The Critical 'I'

Read. React. Repeat.

Saturday, December 21, 2002

Sometimes, I wonder why I bother to carry a cellphone around, as it always rings at the most inopportune times. Case in point:

I spent a good part of the afternoon running errands, including wrapping up my holiday shopping (found a couple of neat things at some little hole-in-the-wall shops in downtown St. Pete, which I was very happy about). As I'm doing this, I stop at an ATM machine to get some cash. As I'm in the middle of getting the money out of the machine, my phone chirps. It's my brother. As I don't talk to him all that often, I picked it up and started yacking. We talk for a few minutes as I take my money, walk up the street and hit a couple more stores. The conversation ends, and I go about my business.

About five hours later, I'm at about the tail-end of my consumerish activities for the day. As I pick up a little trinket (a universal remote, for me), I take out my wallet to get my ATM card. HELLO! Not there. I search my pockets for a few seconds, and then it hits me: I LEFT THE DAMN CARD IN THE ATM MACHINE DOWNTOWN.

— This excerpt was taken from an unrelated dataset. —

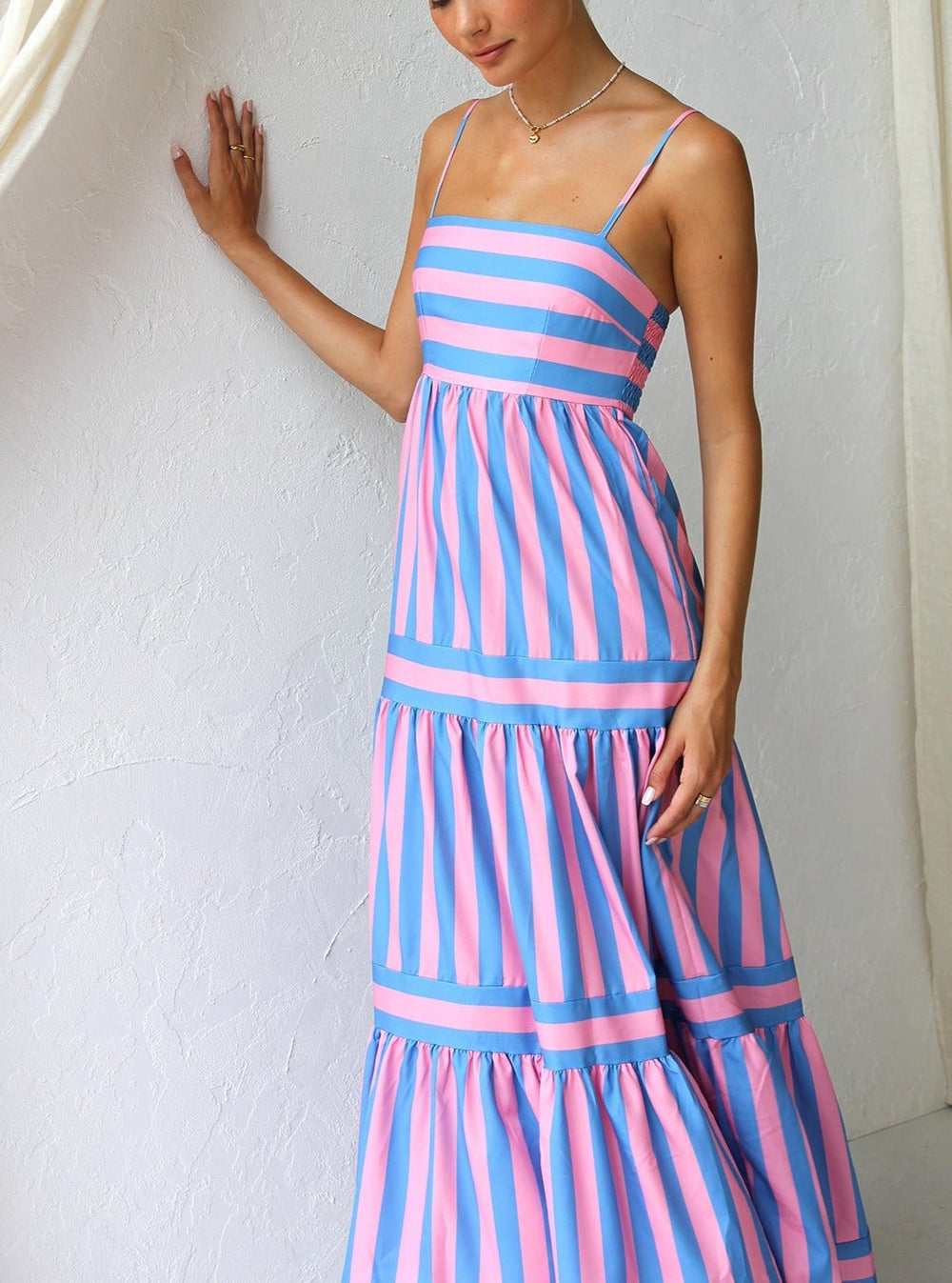 OHMIQUE | Robe à bretelles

I trucked down to the ATM machine, hoping against hope that the card was still in or near the machine (not totally farfetched, since it is the weekend and the location isn't an especially high-traffic area). No dice.

I'm really more inconvenienced, than wounded, by this. I called the bank and had them void the lost card, and my replacement card is in the mail. I've got some food in the house, so I'm not going to starve to death. The biggest sting is that I'm, for functional purposes, flat broke. I have exactly one dollar in my wallet, and a bunch of plastic that I'd just as soon not use, and in alot of situations, can't use.

So, the upshot is, I'm not going out for the remainder of the weekend. I can get some cash in my hot little hand on Monday by going into the bank (what a concept!) and getting money from a live teller (amazing!). But as far as tonight and Sunday goes, my ass is staying home. Sigh.